Eversource and National Grid expect their annual peak electricity load in Massachusetts to more than double by 2050, the utilities told the state’s Department of Energy Resources (DOER) last week.

The projections are part of the draft electric sector modernization plans (ESMPs) submitted to DOER by Massachusetts’ investor-owned electric utilities, which detail the electric distribution companies’ plans to meet the massive increase in electricity demand associated with the electrification transportation and heating in the state.

The Grid Modernization Advisory Council (GMAC), a stakeholder committee created by the state’s 2022 Act Driving Clean Energy and Offshore Wind and convened by DOER, will review the filings, solicit public feedback and provide comments on the utilities’ drafts.

“It’s really taking a forward-looking approach for the first time in Massachusetts’ history,” said Kyle Murray, Massachusetts program director for the Acadia Center and GMAC voting member. Murray said grid planning in the state historically has happened in an “ad hoc manner.”
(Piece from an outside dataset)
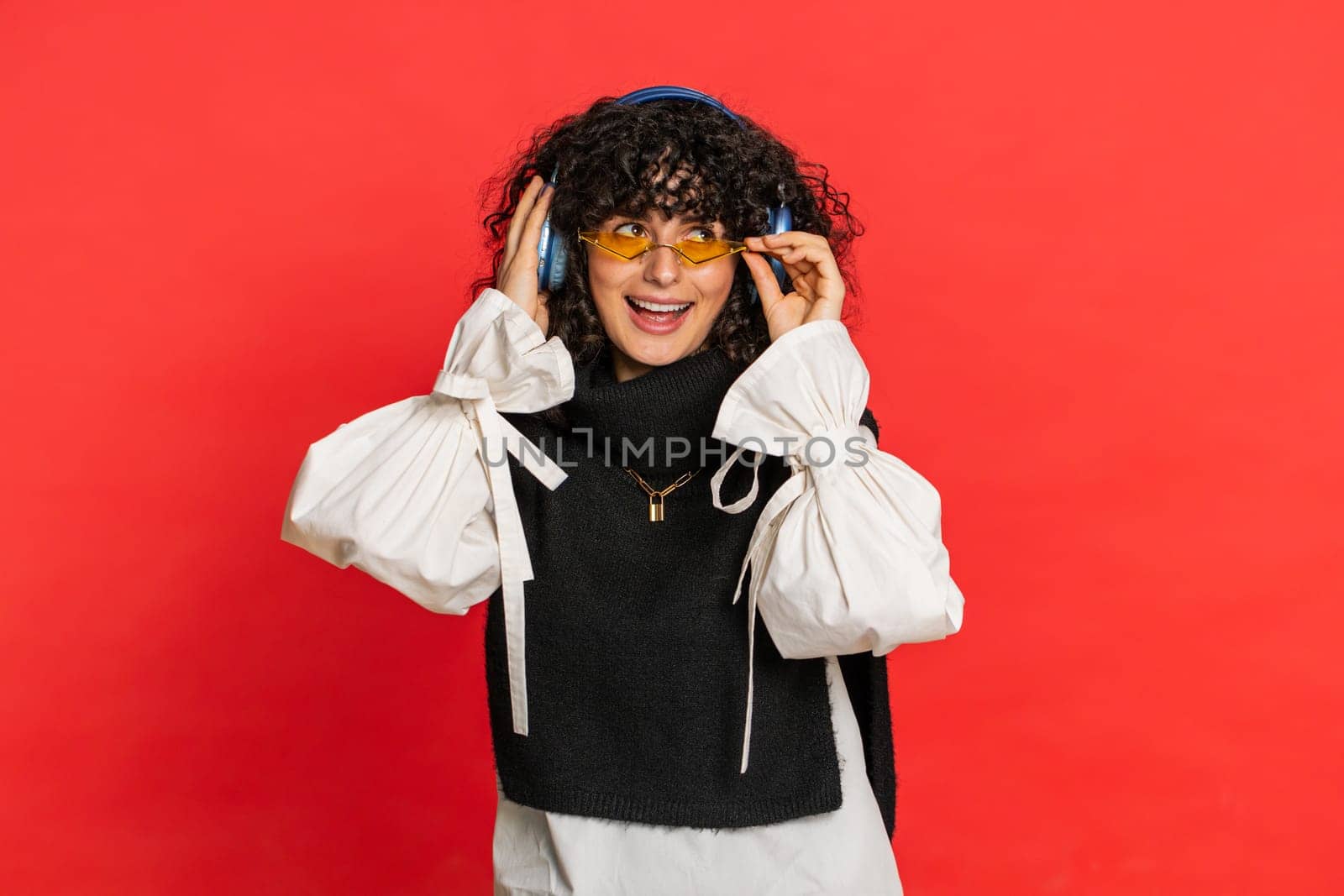 Caucasian young woman with curly hair listening music on headphones, dancing disco fooling around having fun expressive gesticulating hands. Music app advertisement. Girl isolated on red background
Murray added that one of the council’s goals is to engage the public in the grid modernization process and include voices that historically have been absent from these proceedings.

Murray said one of his main hopes for the process is to help clear out the interconnection backlog of renewable energy projects.

“We know we need as many renewables on the market as possible, and yet they’re coming on at a pace that’s kind of like a trickle,” Murray said.